Lakin yapacak birşey yok. Yapılacak tek şey, öğretmenlerin ve Eğitim Bakanı Nazım Çavuşoğlu’nun dediği gibi öğrencilere yapılan psikolojik desteğin artırılmasıydı. Nitekim öyle olmuş, yapılan açıklamalara göre.
Yine düşünüyorum... Öğrenciler büyük tatile girerlerken, neler yaşayacaklar, ne umut edecekler ve zamanlarının çoğunu nasıl geçirecekler, onun hesabını yapıyorlardır.
Pandemi öncesi öğrencilerin toplu halde yaz kampına gittikleri bir durum vardı. O kamplar çocukları hem sosyalleştiriyor, hem de kişilik gelişmesine büyük katkı koyarak, öz güvenlerini artırıyor.
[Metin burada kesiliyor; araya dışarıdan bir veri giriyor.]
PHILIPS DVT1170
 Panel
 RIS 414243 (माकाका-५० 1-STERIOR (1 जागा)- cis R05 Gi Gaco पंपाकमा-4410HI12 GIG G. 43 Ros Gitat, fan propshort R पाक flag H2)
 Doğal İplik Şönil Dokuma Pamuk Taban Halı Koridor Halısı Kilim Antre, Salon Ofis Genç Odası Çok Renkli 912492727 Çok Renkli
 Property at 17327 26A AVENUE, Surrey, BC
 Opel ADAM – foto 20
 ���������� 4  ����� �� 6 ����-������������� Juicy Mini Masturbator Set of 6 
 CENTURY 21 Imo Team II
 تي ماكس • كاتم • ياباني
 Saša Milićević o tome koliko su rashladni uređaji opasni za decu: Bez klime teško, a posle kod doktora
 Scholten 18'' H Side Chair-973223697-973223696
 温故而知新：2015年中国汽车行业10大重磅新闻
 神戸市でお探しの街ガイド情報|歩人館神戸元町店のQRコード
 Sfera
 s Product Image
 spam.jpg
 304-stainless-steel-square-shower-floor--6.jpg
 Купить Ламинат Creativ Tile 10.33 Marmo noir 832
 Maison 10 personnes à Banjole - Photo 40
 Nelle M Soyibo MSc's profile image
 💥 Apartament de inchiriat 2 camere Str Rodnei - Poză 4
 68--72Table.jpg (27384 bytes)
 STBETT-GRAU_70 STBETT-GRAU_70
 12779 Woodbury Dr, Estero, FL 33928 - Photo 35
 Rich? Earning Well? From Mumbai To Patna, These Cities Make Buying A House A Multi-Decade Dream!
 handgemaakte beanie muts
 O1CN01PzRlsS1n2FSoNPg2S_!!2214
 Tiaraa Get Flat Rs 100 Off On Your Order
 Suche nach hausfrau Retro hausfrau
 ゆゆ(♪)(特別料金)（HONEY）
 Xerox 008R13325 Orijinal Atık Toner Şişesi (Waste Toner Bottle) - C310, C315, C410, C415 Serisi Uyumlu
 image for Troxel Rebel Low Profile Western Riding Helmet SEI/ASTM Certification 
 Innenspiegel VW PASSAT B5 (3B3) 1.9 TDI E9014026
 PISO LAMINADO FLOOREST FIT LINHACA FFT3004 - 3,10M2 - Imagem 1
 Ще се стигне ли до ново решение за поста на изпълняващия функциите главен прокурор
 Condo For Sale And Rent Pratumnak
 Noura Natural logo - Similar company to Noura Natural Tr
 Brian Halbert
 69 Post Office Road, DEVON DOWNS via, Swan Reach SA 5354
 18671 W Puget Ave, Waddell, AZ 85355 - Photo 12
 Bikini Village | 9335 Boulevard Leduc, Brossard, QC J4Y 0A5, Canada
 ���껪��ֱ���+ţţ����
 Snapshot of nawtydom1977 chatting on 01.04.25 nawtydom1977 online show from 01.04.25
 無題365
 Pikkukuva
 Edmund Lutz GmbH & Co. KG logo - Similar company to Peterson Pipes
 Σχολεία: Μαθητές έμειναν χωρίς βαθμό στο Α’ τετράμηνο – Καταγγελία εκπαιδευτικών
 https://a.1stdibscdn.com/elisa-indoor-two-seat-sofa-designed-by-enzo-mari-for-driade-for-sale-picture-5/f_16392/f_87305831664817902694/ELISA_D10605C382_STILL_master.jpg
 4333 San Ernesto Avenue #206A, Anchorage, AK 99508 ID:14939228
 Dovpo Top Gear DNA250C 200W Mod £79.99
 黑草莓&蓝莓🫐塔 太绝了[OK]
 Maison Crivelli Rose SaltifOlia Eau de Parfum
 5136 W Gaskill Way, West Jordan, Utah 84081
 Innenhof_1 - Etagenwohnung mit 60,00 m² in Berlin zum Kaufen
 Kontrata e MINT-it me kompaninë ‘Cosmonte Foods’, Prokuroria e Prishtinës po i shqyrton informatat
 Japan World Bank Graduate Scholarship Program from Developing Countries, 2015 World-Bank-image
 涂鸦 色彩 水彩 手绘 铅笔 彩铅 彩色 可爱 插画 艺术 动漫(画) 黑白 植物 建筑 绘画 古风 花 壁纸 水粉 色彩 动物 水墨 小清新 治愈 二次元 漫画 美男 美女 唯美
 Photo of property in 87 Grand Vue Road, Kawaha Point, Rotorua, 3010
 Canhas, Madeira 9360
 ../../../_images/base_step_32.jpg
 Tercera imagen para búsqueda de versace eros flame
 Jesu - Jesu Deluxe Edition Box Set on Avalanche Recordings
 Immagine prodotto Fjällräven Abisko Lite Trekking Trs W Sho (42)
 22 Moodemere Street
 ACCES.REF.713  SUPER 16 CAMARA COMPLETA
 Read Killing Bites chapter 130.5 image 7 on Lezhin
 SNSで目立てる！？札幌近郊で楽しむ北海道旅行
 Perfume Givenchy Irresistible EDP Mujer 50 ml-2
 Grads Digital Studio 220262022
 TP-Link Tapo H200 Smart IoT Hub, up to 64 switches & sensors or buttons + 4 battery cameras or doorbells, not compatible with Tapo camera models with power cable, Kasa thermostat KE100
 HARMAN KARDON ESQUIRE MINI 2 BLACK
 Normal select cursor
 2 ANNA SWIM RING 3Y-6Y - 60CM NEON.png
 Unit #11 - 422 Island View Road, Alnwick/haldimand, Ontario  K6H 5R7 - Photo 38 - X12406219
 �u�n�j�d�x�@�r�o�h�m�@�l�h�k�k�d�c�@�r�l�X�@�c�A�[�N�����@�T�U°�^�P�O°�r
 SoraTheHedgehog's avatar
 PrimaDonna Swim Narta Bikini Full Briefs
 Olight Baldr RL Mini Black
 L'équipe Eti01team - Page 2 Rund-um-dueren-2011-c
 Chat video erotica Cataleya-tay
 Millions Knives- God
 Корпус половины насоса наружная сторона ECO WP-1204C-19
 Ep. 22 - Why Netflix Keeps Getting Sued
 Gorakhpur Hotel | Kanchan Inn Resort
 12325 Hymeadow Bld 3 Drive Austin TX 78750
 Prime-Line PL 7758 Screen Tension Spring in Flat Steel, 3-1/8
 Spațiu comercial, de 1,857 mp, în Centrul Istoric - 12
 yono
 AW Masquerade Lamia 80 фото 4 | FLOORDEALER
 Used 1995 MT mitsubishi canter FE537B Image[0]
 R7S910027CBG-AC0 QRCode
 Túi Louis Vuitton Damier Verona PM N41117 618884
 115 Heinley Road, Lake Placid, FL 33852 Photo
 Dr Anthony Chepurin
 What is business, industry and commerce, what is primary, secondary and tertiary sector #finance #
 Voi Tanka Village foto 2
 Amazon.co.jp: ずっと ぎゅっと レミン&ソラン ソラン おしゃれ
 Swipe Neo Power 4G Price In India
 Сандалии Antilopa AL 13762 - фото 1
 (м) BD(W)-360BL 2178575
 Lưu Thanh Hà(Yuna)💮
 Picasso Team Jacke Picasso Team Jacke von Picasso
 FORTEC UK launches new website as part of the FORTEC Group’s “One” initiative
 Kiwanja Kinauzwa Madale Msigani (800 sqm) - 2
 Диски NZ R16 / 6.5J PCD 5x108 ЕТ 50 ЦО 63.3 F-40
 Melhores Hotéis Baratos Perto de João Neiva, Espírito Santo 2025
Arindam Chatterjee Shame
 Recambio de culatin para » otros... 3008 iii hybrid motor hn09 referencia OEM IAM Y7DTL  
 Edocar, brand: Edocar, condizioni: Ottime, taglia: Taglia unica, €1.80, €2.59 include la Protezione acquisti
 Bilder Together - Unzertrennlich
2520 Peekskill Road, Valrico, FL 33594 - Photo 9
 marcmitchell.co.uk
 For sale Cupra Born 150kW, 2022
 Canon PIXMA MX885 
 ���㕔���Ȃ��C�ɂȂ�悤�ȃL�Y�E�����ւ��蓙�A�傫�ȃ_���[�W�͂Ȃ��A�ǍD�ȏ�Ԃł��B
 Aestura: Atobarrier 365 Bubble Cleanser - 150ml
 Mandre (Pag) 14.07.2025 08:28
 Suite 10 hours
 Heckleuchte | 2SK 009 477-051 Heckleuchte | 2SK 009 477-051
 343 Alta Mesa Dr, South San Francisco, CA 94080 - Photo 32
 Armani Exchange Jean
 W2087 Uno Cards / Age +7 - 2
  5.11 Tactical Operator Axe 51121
Bugüne kadar pandeminin azalması nedeniyle kamp hayatının başladığına dair pek bir bilgi alamadık. İnşallah hayat normalleştikçe, çocukların psikolojileri de düzelir.
Esasında şu tatil zamanlarında çocukların kendi hobileri ve kendi yaratıcılıkları ile uğraşmaları sağlanmalıdır. Hatta tatil yaklaşırken bu tür telkinlerin öğretmenlerce yapılması gerekir. Herhalde hocalar bu tür telkinleri yapmışlardır. Yarın okullar açılınca öğretmenlerin öğrencilerine yazdıracakları ilk kompozisyonun konusu, “Büyük tatilde ne yaptınız?” sorusu olacaktır.
Kısacası öğrenciye sahip çıkmak, onların psikolojilerini düzeltmek ve düzeltirken de onları doğru yöne yöneltmek çok önemlidir.
Yani öğrencinin psikolojik destek alması açısından, diyorum.